Rule 5- Never put all your eggs in one basket.
Now, this rule is very hard to learn and use and that is why only some of the very skilled and cold hearted are capable of executing the plan without getting caught. If they do get caught, they then play the victim and cut their loses. How? Let me explain; a young man courts a girl for a length of time and she has him under her spell. He thinks the world of her and that she can do no wrong. She likes him, but is aware that there might be better fish in the sea, so when she isn’t with her loyal love, she keeps her keen eyes open for someone who might be better suited for her needs (whatever they maybe, financial, social…etc). If she does find someone, it is best to choose someone, not from the city, someone who lives in a different city or abroad. Alexandria is a small city, and the chances are someone will know either lad or both, which increases the chances of getting caught.

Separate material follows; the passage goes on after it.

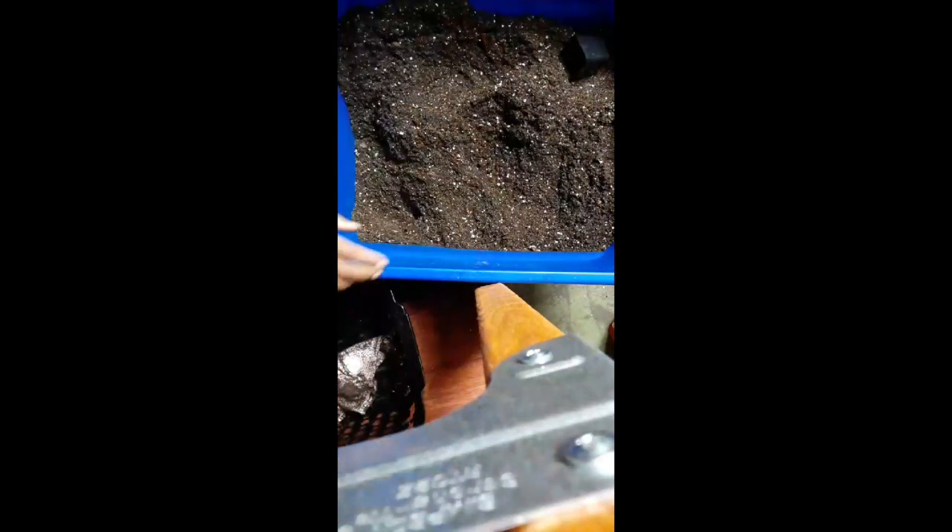That's seven plants. And this is the tray that I place everything on. I'm going to leave it out there for a moment and we'll put some seeds in there.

This situation can go three ways;
1- The loyal lover, the knave of Hearts gets dumped for the King of Hearts and she weds him and become the Queen.
2- The Knave of Hearts turns out to be a King after all and keeps him, because no one could trump him.
3- Both knaves find out through a source what is happening and they team up against her. The temptress then plays the victim, the most gullible of the knaves decides to give her a second chance.
I often find myself on the side lines watching and observing people and couples. The more I watch and learn, the more I realize that a majority of people consider dating a game of both mental and emotional skill and NOT an attraction. It’s like a game of cat and mouse or the hunter and the prey.